- WORK TO BE COMPLETED -
Pictures are not part of the copy. Write out exactly the lines from the line with "Big sale icon" through the end of the entries below.

- THE RECORDS -
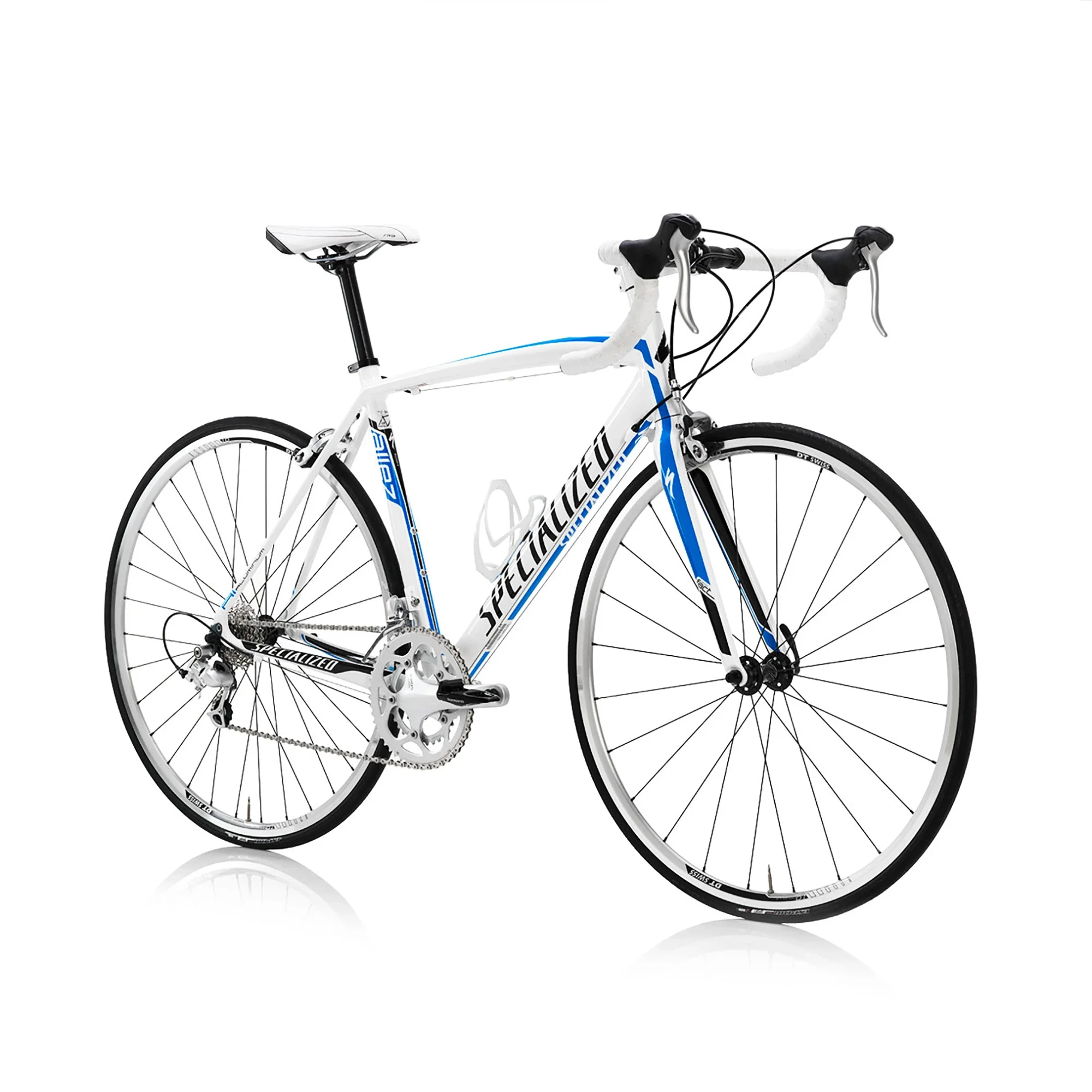 A white and blue Specialized road bicycle with drop handlebars and thin tires.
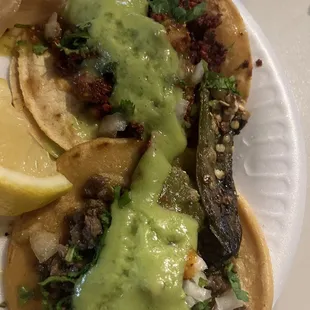 Chorizo and Carne Asada Tacos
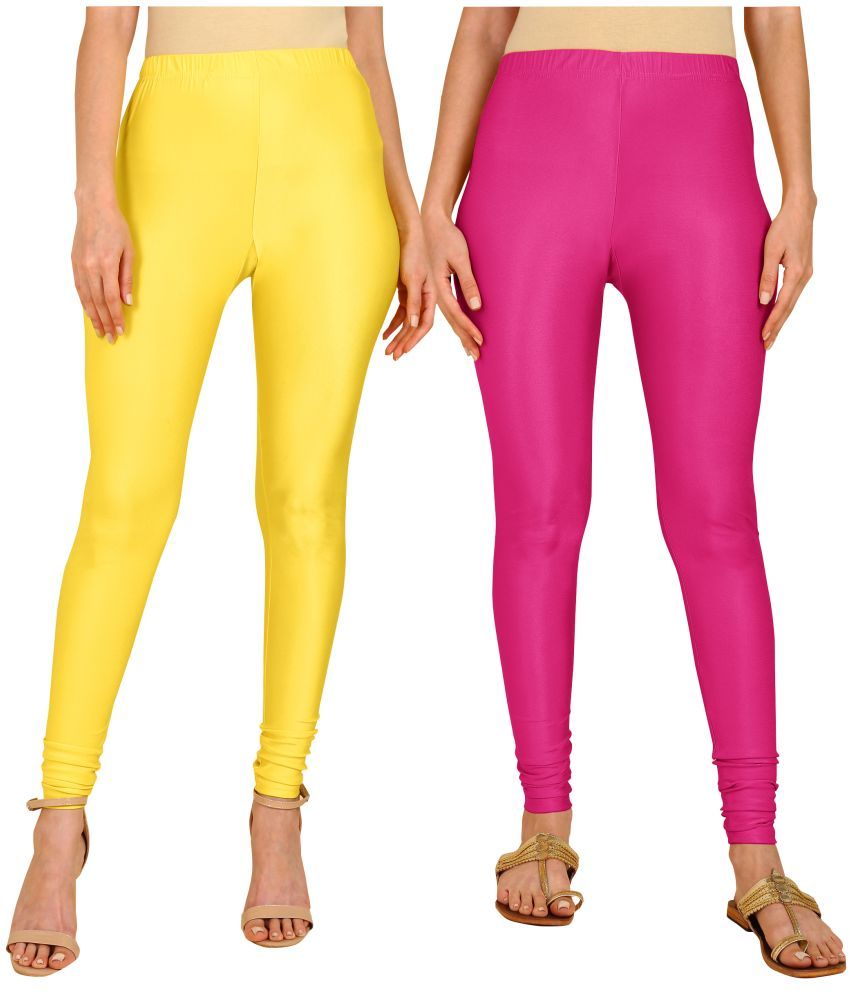     			Colorscube - Pink,Yellow Lycra Women's Churidar ( Pack of 2 )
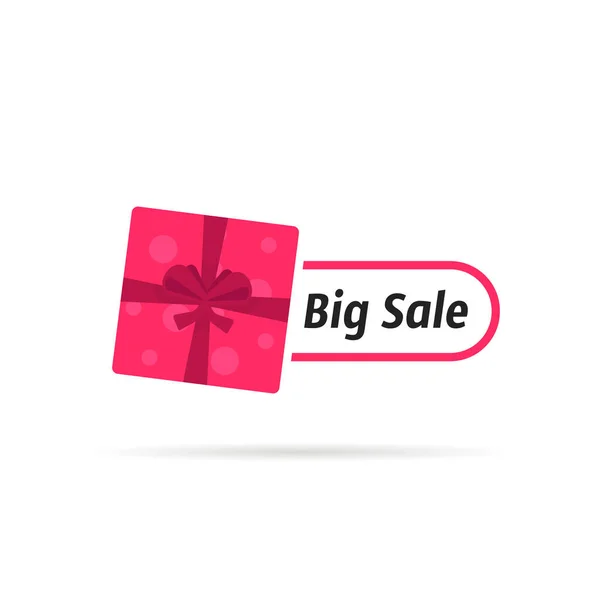 Big sale icon with top view gift box — Stock Vector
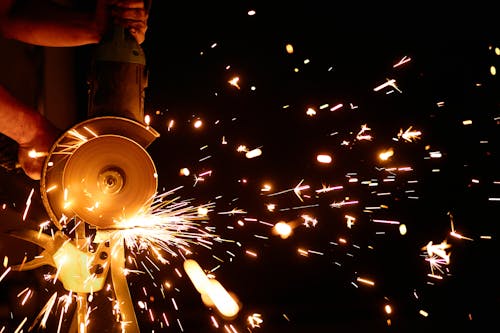 Flashing Sparks Coming From the Angle Grinder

- RESULT OF THIS EXERCISE -
 Big sale icon with top view gift box — Stock Vector
 Flashing Sparks Coming From the Angle Grinder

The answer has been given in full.